8 Video Games That Wasted Genius Ideas
2. Remember Me
Now here's another sad case of combat completely overshadowing a potentially fascinating game.
Remember Me's story concerns the commodification of memory, with the citizens of a futuristic Paris able to upload and share their memories, or even remove unhappy or traumatic ones thanks to the Memorize Corporation. This attempt at a utopia has resulted in Neo-Paris (and possibly the rest of the world) becoming a grim corpocracy and surveillance state at the hands of Memorize's huge monopoly.

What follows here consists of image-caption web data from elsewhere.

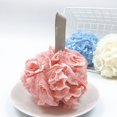 thumbnail image 5 of jiaroswwei Shower Sponge Exfoliating Scrub Rich Foam PE Gentle Washing Bath Mesh Brush Bathroom Supplies, 5 of 8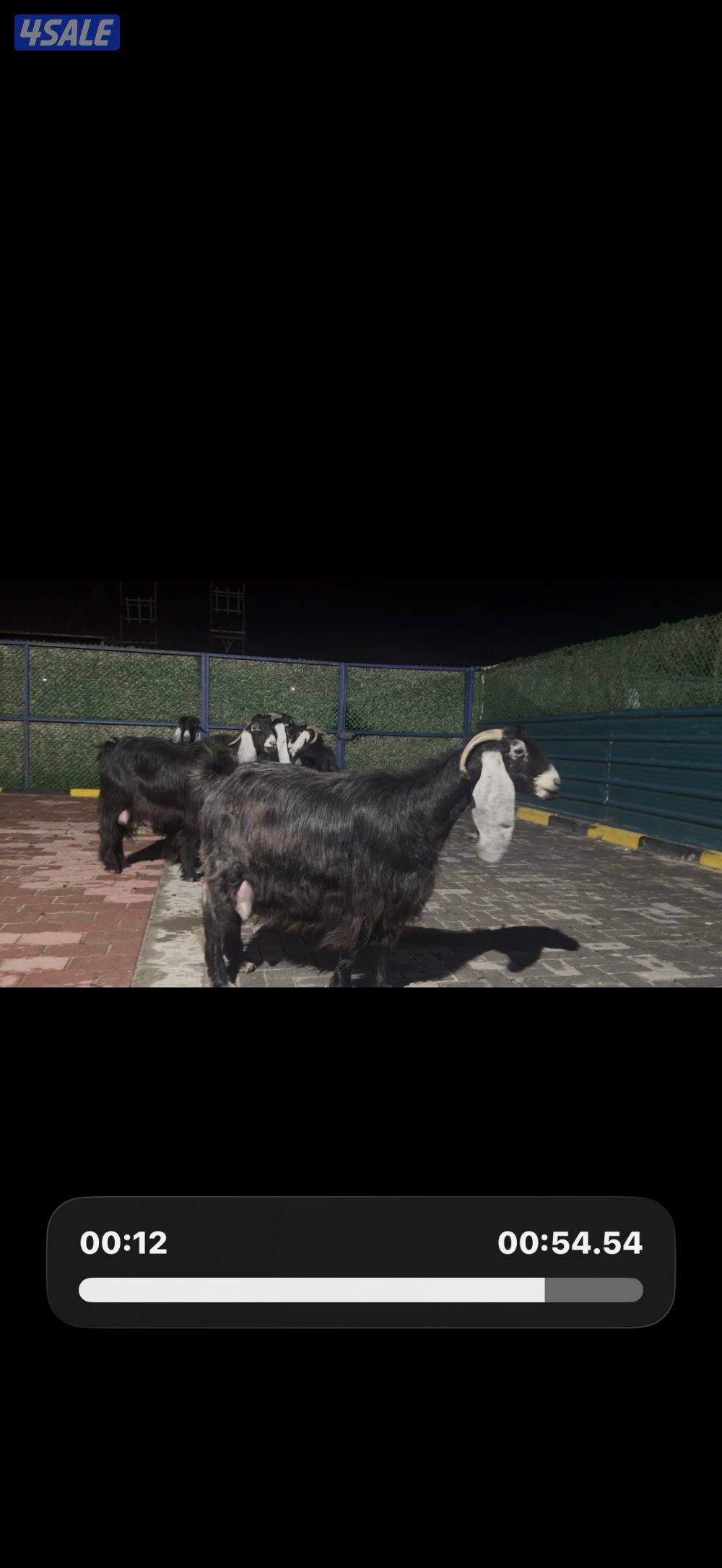 معزا عوارض ربش العداد 12 شببب وفيهم دفيع ومضريع0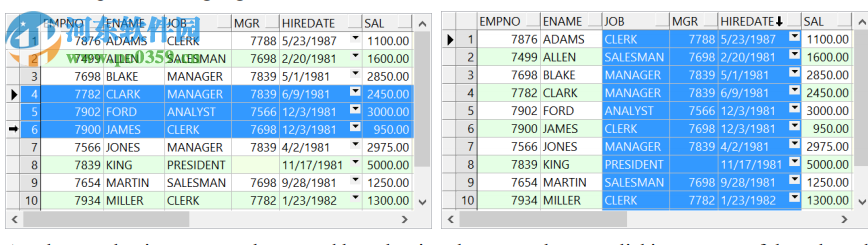 PL/SQL Developer中文版 13.0.4.1906 免費版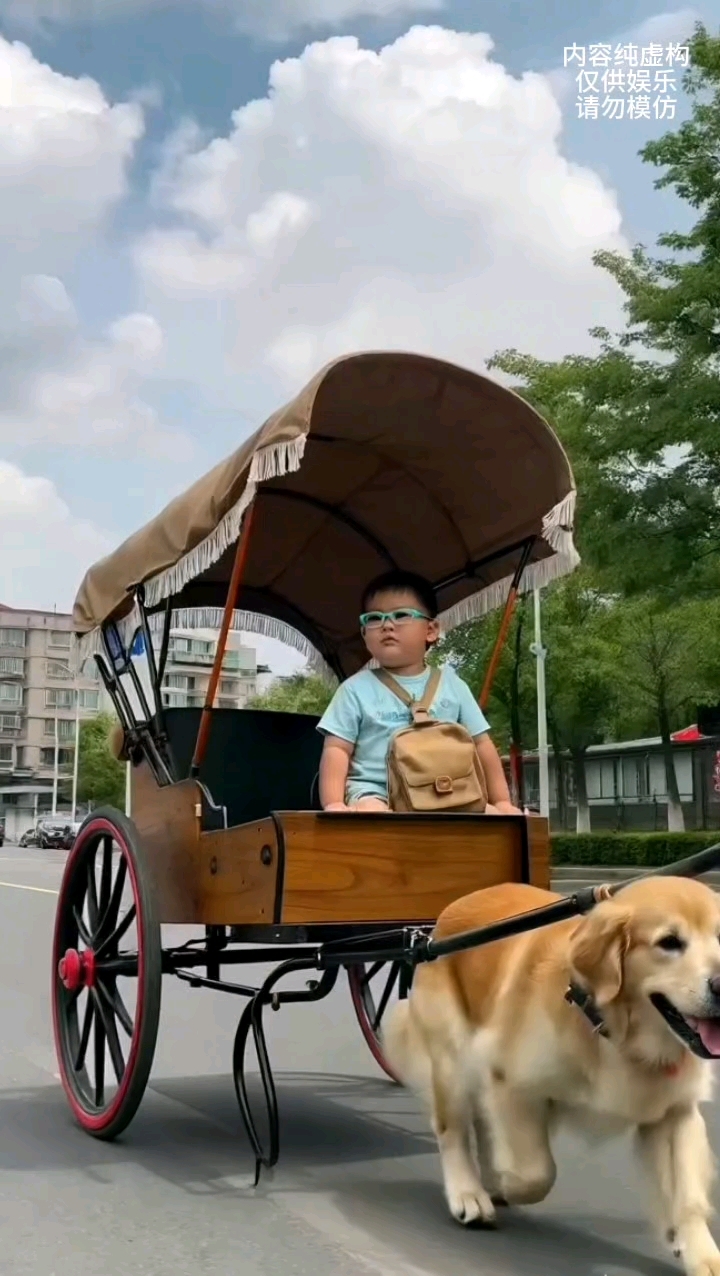 萌宝坐狗拉车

Protagonist Nilin, a memory hunter with the unique ability to hack people's memories, altering them and effectively changing that person's entire worldview and allegiances. The game does admirably attempt to grapple with the many ethical conundrums that this kind of action would present, and the memory remixing sections themselves are well-designed and organic; there are a great number of different outcomes and fail-states possible.
The only problem is that over the game's entire runtime... you only do this four times.
Much like Marc EckÅ's Getting Up, the vast majority of Remember Me is made up of beat-em-up style combat encounters with hordes of goons, with the memory remix puzzles providing all-too-sparse injections of energy.
Granted, combat is well-designed and impressively modular, and Remember Me is definitely worth a look, but Dontnod really should have pushed their puzzle mechanics far more.